Nov. 18 2009 02:05 PM
Edward from NJ

Lindsay Graham's alleged stumper question about historical precedents was based on the premise that Khalid Sheikh Mohammed was captured on the battlefield. He was captured by Pakistani intelligence and turned over to the US. Is that the "battlefield"? If he had been captured in Germany by the German government, would that be the "battlefield"? If he had been captured in Canada, would that have been the "battlefield"? If he had been captured in Kansas, would that have been the "battlefield"?

Nov. 18 2009 01:25 PM
Timothy Stutters from New York


Yes, Obama's brilliant, but he'd be the first to admit that he's human, and as such, fallible. The 2008 elections were not, for me, so much about a cult of personality, but a fresh inspiration for activism. So, I think it behooves both Obama and the country for us to keep asking questions when his policies trouble us.
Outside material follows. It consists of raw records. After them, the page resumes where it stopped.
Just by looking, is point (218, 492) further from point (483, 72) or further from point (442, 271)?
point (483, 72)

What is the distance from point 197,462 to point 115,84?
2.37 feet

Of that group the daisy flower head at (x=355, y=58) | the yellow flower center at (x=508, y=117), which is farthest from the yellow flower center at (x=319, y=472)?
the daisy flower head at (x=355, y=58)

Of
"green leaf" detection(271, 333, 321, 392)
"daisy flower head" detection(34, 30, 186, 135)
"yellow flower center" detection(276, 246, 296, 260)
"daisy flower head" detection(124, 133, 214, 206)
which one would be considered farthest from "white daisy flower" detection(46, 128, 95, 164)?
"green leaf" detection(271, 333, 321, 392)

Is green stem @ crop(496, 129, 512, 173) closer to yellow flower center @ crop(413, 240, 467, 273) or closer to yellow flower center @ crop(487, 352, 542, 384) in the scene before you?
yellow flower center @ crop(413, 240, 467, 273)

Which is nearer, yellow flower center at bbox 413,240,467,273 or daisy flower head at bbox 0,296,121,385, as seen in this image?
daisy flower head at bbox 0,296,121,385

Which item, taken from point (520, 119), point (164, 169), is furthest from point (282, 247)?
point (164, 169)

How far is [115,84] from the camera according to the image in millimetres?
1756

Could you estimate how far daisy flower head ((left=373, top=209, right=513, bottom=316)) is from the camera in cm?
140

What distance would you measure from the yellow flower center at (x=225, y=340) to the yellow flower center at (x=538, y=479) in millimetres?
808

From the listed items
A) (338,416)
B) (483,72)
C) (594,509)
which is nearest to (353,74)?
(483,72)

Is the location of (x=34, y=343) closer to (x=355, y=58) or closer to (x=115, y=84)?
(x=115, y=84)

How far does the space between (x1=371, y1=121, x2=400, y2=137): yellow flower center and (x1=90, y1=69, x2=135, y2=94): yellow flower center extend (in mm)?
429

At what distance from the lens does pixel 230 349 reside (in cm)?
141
Holder didn't inspire much confidence. He should have been better able to defend his position. Military tribunals don't work, courts do. And I would add (though I know Holder couldn't say this): If we are criminalizing the war, then we are criminalizing the war, for the war was criminal.

Which is why we should hold the trial in a Federal court; just not in New York.

Nov. 18 2009 12:44 PM
kai from NJ-NYC

@ Kirsten - To reiterate what hjs stated earlier:

Why should Americans care about what terrorists think? Onstensibly Americans want rule of law, so that's why trials are a good thing and why judicial institutions should be supported and used accordingly as they have been used SUCCESSFULLY for over 200 years. That is the point of what I wrote earlier.

The only thing nutty is confusing American interests and concerns with those of terrorists.

Nov. 18 2009 12:28 PM
hjs from 11211

fine with me, but it's not my call. i trust the judgement of those who we elected (and those who they chose to assist them)

Nov. 18 2009 12:07 PM
Timothy Stutters from New York


Re-reading, I think you meant to say "trial," not "trail."

The reason I am opposed to it is because having a trial here is hurtful and disrespectful to thousands of our residents. 911 carries tons of emotional baggage, and it's cynicism at its worst to ignore that in favor of the media fanfare certain to surround a NYC trial.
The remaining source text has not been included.